There will be 20,000 Irishmen and women arriving in Poland this week. Unfortunately only 11 will be allowed onto the pitch. Nevertheless, the presence of so many good-natured, thirsty football fans will add colour and humour to a football tournament that promises to be nothing short of spectacular.
Part of me envies these fans, the part which remembers the ritual of saving my shekels, prioritising Republic of Ireland away trips over conventional holidays and debating with friends whether Paul McGrath was actually the best central defender in the world.
Yet one of the downsides about growing old is the supposed need to grow up. These days my hair has thinned but my belly has not. The priority of a good restaurant over a good pub is a sign of approaching middle age.
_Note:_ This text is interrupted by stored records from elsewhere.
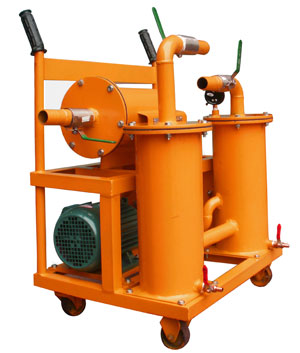 供應國能JL輕便式過濾加油機-- 重慶國能濾油機制造有限公司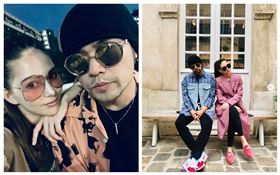 昆凌周杰倫（IG）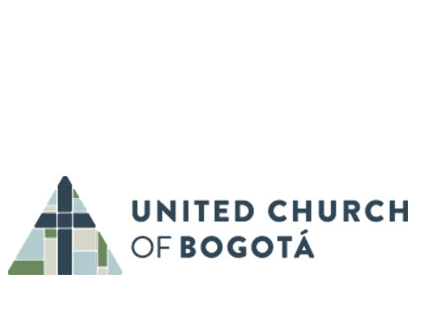 United Church of BogotÃ¡  logo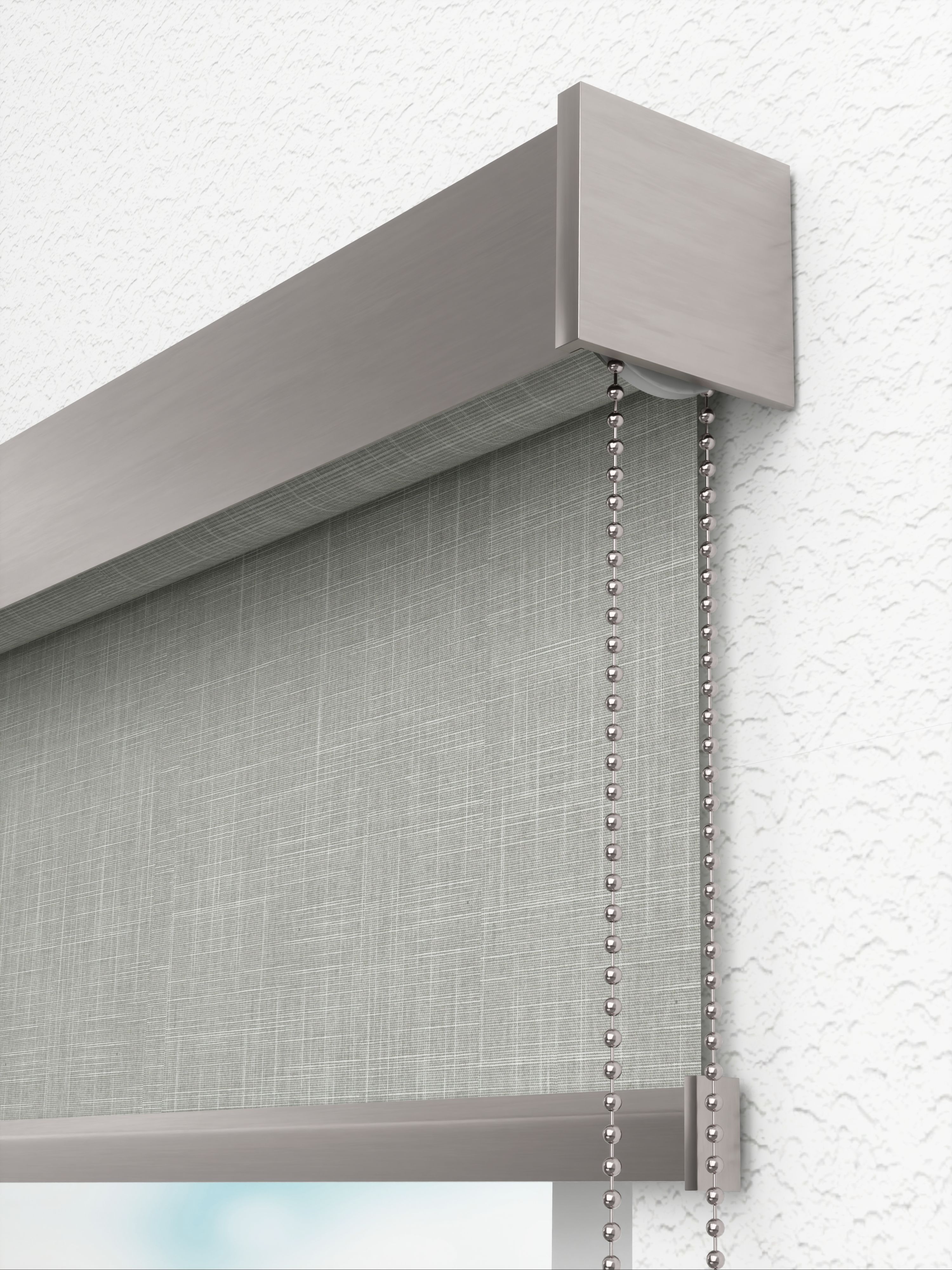 Detailansicht Rollo Aversa 90-08ro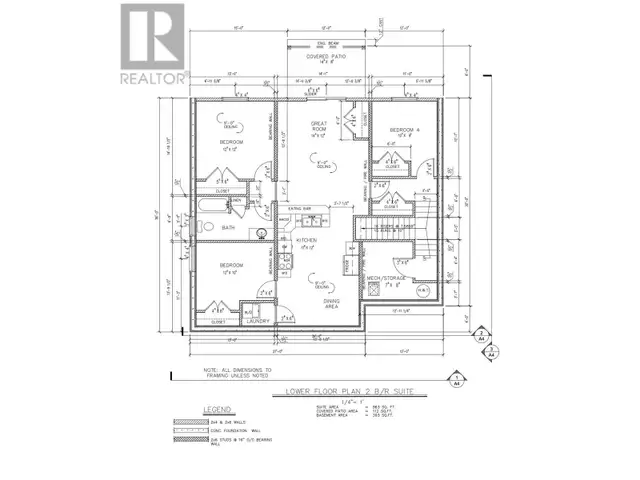 806 Cliff Avenue Unit# 102 Enderby, British Columbia in Condos for Sale in Vernon - Image 32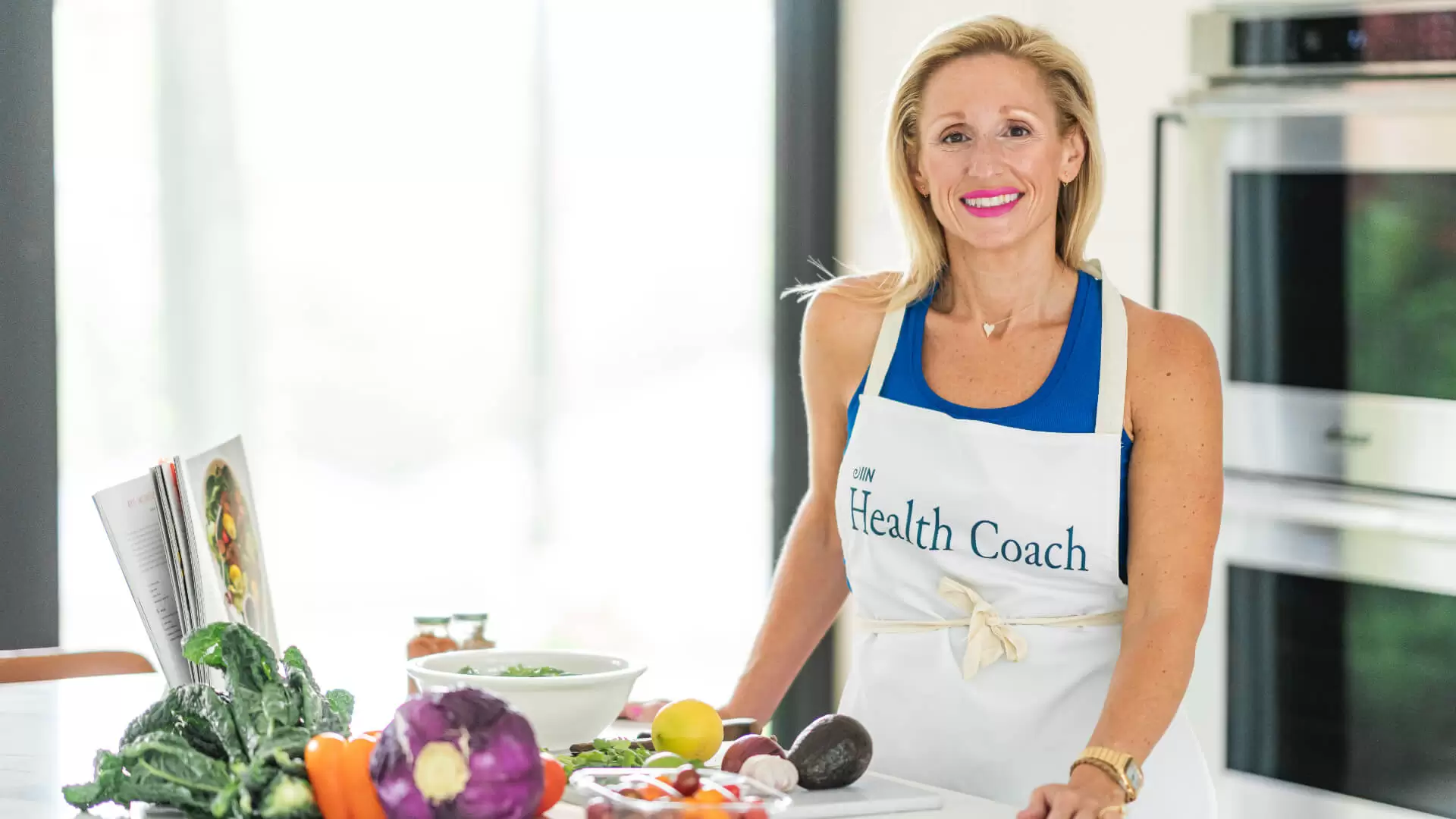 Health Coach Charlotte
Yet, come 10 June, when Ireland play Croatia in Poznan, the child in me will return and only the darkest of hearts could not feel some kind of emotional attachment to the team representing their country, their sport.
That so many of these Irish players have come up the hard way, serving apprenticeships in their homeland (Kevin Doyle, Shane Long, Stephen Ward, James McClean and David Forde) or the English lower leagues (Paul Green, Keiren Westwood, Keith Andrews, Sean St Ledger, Stephen Kelly and Jon Walters) has only served to deepen the communion between player and fan.
Long before earning the wages they do now, these guys played football for fun. When they were kids, they got changed at the side of roads and bettered themselves on public parks. For over half of them, there were times in their careers when they earned little more than the man on the street. All have suffered hardship or rejection at some point in their lives. Many of the obstacles we have been faced with, they too have had to surmount.
Yet here they are, once bit-part actors on football's world stage now in the spotlight. Only fantasists can expect them to go on a run that will take them through to July and a European final. And yet expectations are high, not so much that Croatia, Spain and Italy will be beaten, but simply that these men, in whom so many fans have invested so much faith and money to come and watch, will play with passion and panache. It's not too much to ask.